We’ve got another work of Contemporary Art on our trip around the world today. This artwork is from Kazakhstani artist, Yerbossyn Meldibekov.
For more images from this photo series, visit this link. At the bottom there are three sets of images from the series. Sorry because of copyright I can’t post big pictures of these images. Here’s another link. The pictures are along the left side.
Kazakhstan was the last of the republics to declare independence from the former Soviet Union. This series of photographs called Family Album/Mutations explores the history of Kazakhstan and how it has changed since the dissolution of the Soviet Union in 1991.
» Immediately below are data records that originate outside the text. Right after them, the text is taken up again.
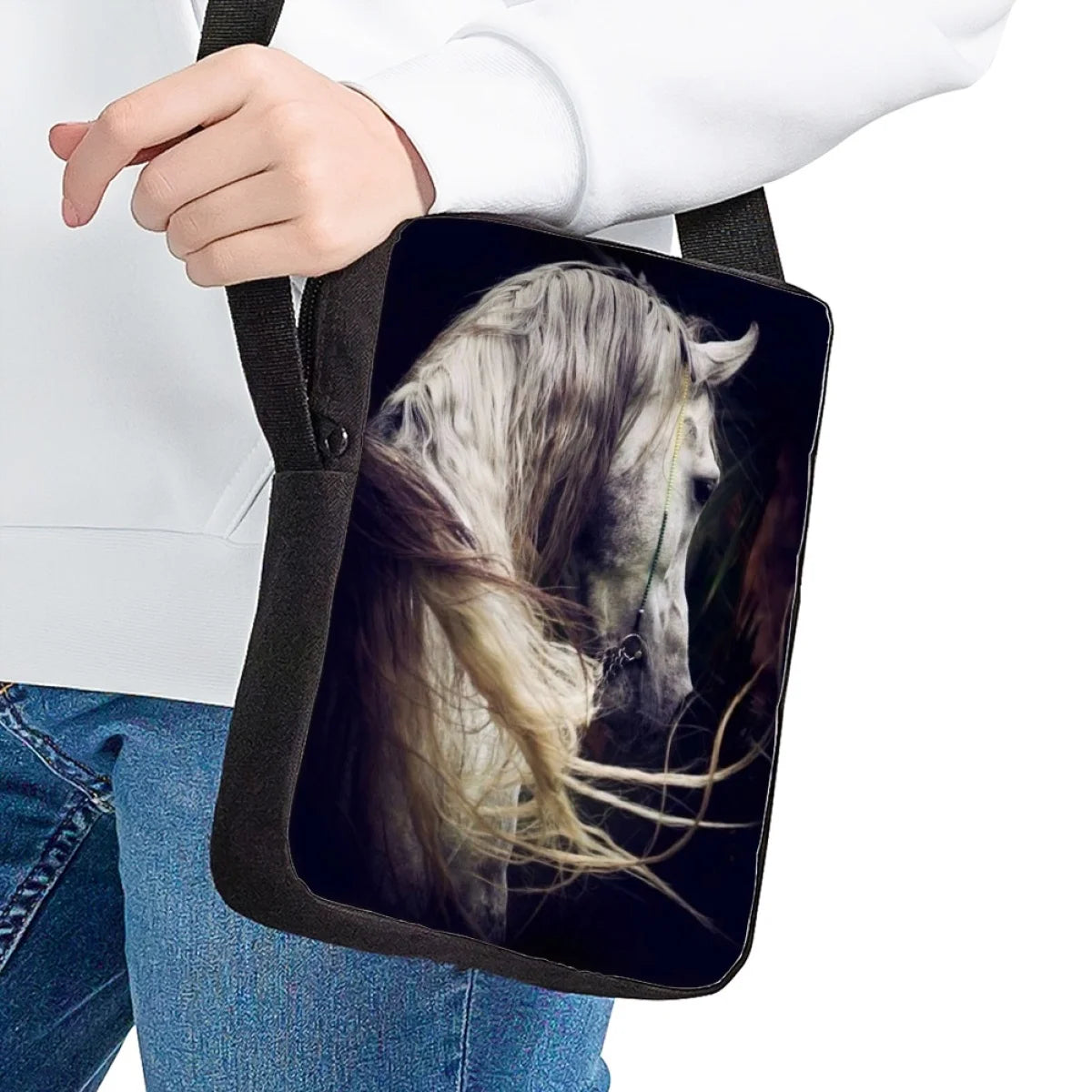 Animal Print School Bag Kids Crossbody Bag Horse Pattern School Bag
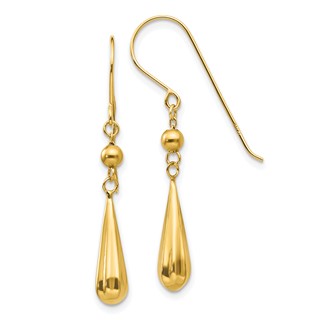 Gold Teardrop Dangle Shepard Hook Earrings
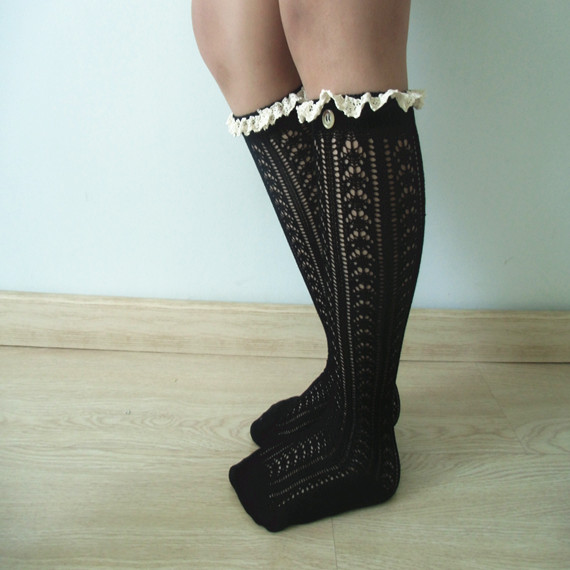 Platinum WHITE Cable Knit Boot Socks W/ Cream Lace Ivory Buttons Knee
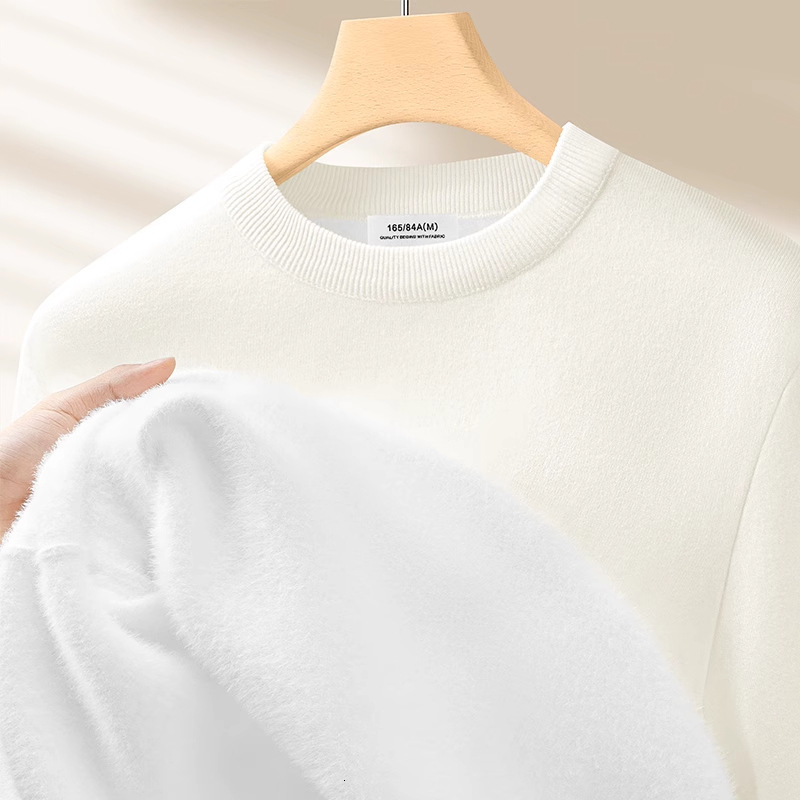 Winter One-piece Modal Men's Designer Sweater Crew Neck Sweater New Fleece-lined Thickened Knitted Wool Warm Base Shirt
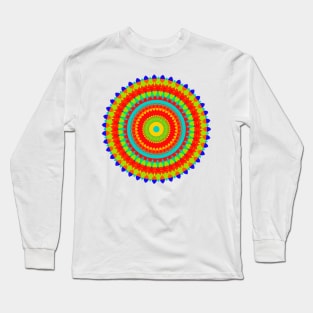 Colorful Red Blue Green Mandala Long Sleeve T-Shirt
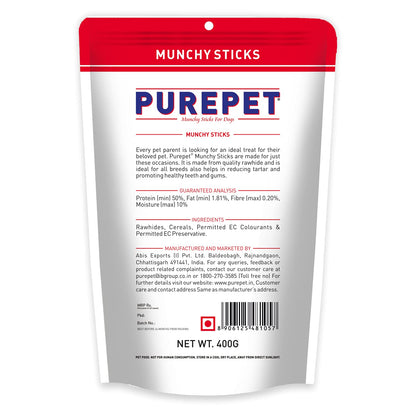 PUREPET Dog Treat Munchy Sticks, Mutton Flavour 400G Pack, All Life Stages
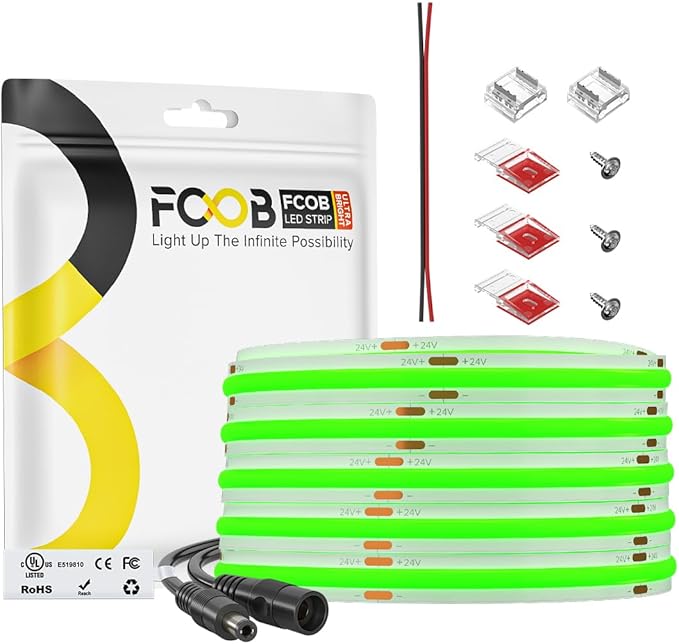 16.4FT COB LED Strip Light Green, 24V 8MM Width Flexible High Density Uniform by FCOB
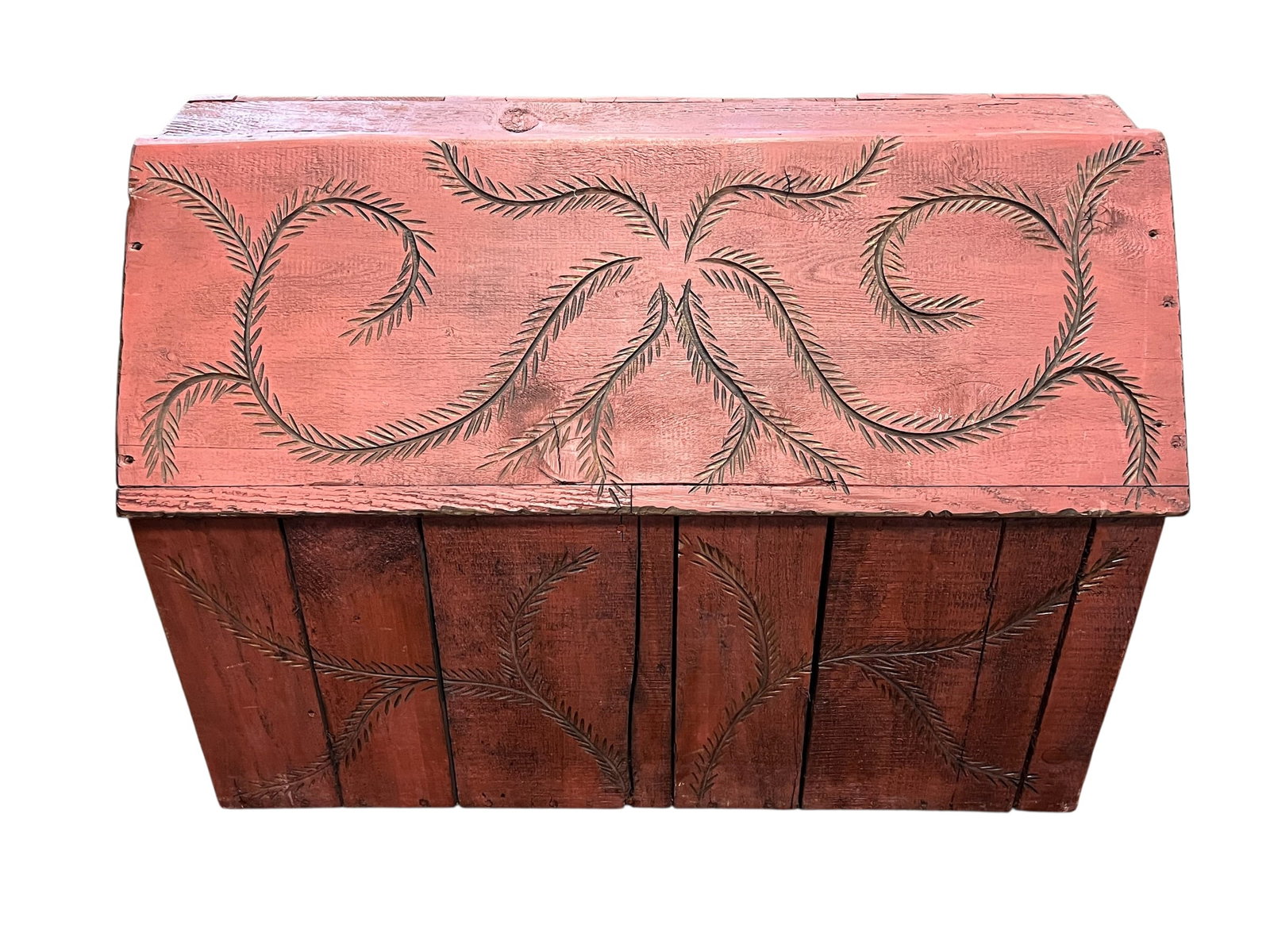 Primitive Folk Art Blanket Chest: This is a miniature paint-decorated Schoharie chest, often referred to as a dowry or blanket chest. [1]Origin & Age: These chests are often associated with New York and Pennsylvania Germanic tradition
The Soviet Union had a tradition of grand monuments erected to be a form of propaganda to magnify revolutionary, communist ideals. When the USSR collapsed, many people replaced these communist monuments with new ones that supported capitalism and a new sense of national pride.
Meldibekov found old photos of people posing next to the former Soviet monuments and then took new photos next to the new monuments or even a blank pedestal where the old statue once stood. Often the new photo would include the same people from the original photo so you have both the progression of time through the age of the people juxtaposed with the historical changes of politics through the monuments.
Yerbossyn Meldibekov’s Family Album/Mutations is a fascinating series that shows the tumultuousness of the 20th century in Kazakhstan. It reminds us of the history and the monumental leaders, but puts them into the perspective of individual people and families.
Kazakhstan Art Discussion Questions
- What’s going on in this picture? What is different? What is missing?
- What mood or emotion does the photograph on the left project? How is it different than the mood on the right?
- How do you think the people of Kazakhstan feel about this art?
Kazakhstan Art Learning Activity Ideas
Use this art in your lessons about the Soviet Union to help understand and explore the subject more deeply.
You could also have students brainstorm how we might do a similar photo series with history from our own location. For example, if you are a US citizen, maybe you could find a way to create a photo series using photographs and paintings from the Civil War.